WASHINGTON (AP) — Secretary of State Antony Blinken said Thursday the Biden administration aims to lead the international bloc opposed to Russia’s invasion of Ukraine into a broader coalition to counter what it sees as a more serious, long-term threat to global order from China.
In a speech outlining the administration’s China policy, Blinken laid out a three-pillar approach to competing with Beijing in a race to define the 21st century’s economic and military balance.
While the U.S. sees Russia and Russian President Vladimir Putin’s war in Ukraine as the most acute and immediate threat to international stability, Blinken said the administration believes China poses a greater danger.
“Even as President Putin’s war continues, we will remain focused on the most serious long-term challenge to the international order — and that is the one posed by the People’s Republic of China,” Blinken said.
“China is the only country with both the intent to reshape the international order — and, increasingly, the economic, diplomatic, military, and technological power to do it,” he said. “Beijing’s vision would move us away from the universal values that have sustained so much of the world’s progress over the past 75 years.”
Thus, Blinken laid out principles for the administration to marshal its resources, friends and allies to push back on increasing Chinese assertiveness around the world. Although he made clear that the U.S. does not seek to change China’s political system, rather it wants to offer a tested alternative.
“This is not about forcing countries to choose, it’s about giving them a choice,” he said.
However, he also acknowledged that the U.S. has limited ability to directly influence China’s intentions and ambitions and will instead focus on shaping the strategic environment around China.
“We can’t rely on Beijing to change its trajectory,” Blinken said in the speech, delivered at George Washington University. “So we will shape the strategic environment around Beijing to advance our vision for an open and inclusive international system.”
Blinken’s address was delivered overnight in China, and there was no immediate reaction to the speech from the Chinese embassy in Washington.

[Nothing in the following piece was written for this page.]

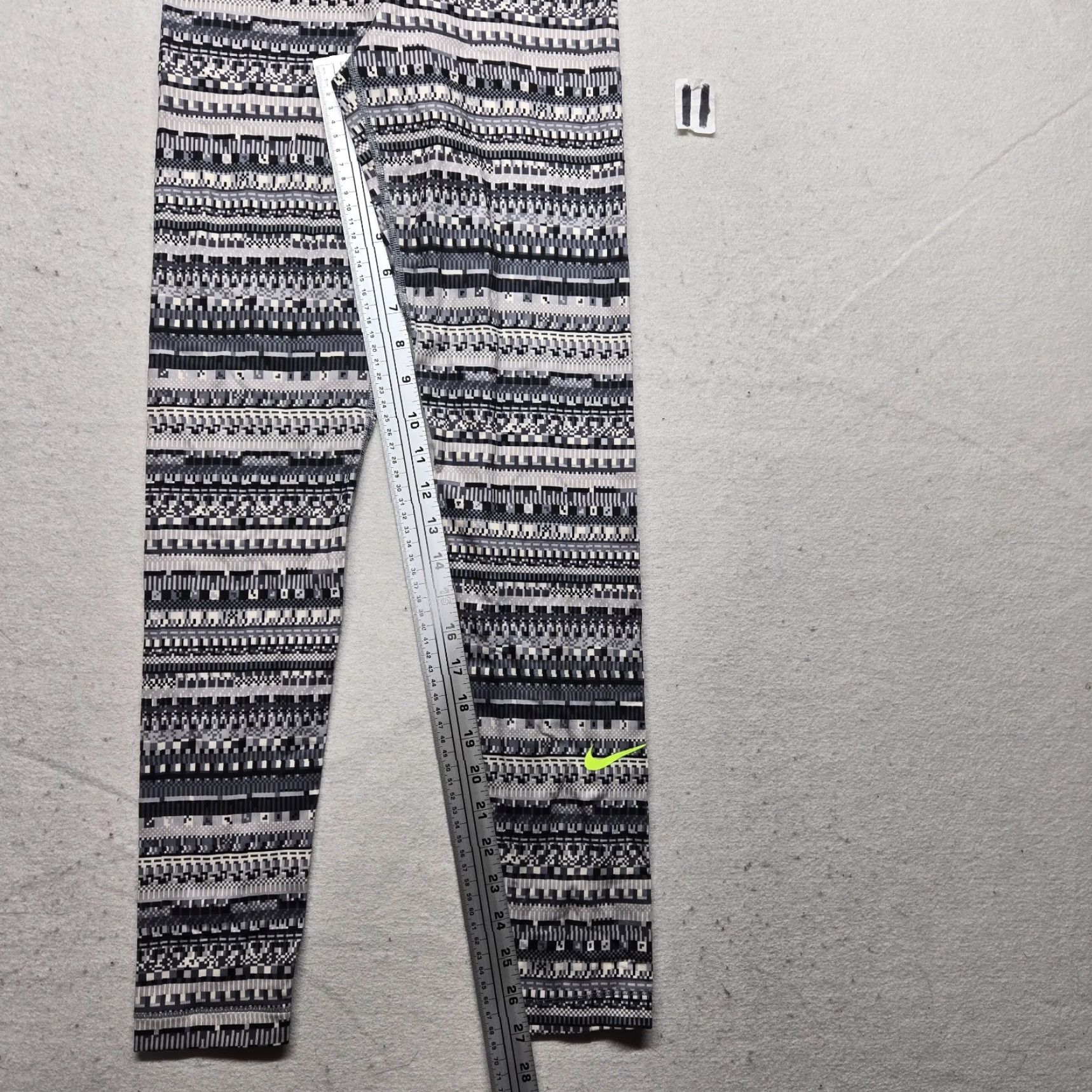 Nike Nike Pro Gym Pants Women Leggings Skinny Gray Small S Adult Size 28" / US 6 / IT 42 - 7 Thumbnail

The speech followed President Joe Biden’s just-concluded visits to South Korea and Japan, where China loomed large in discussions. Biden raised eyebrows during that trip when he said that the United States would act militarily to help Taiwan defend itself in the event of an invasion by China, which regards the island as a renegade province.
The administration scrambled to insist that Biden was not changing American policy, and Blinken restated that the U.S. has not changed its position. Blinken said Washington still holds to its “One China” policy, which recognizes Beijing but allows for unofficial links with and arms sales to Taipei.
“Our approach has been consistent across decades and administrations. The United States remains committed to our ‘One China’ policy. We oppose any unilateral changes to the status quo from either side,” he said, adding that “we do not support Taiwan independence.”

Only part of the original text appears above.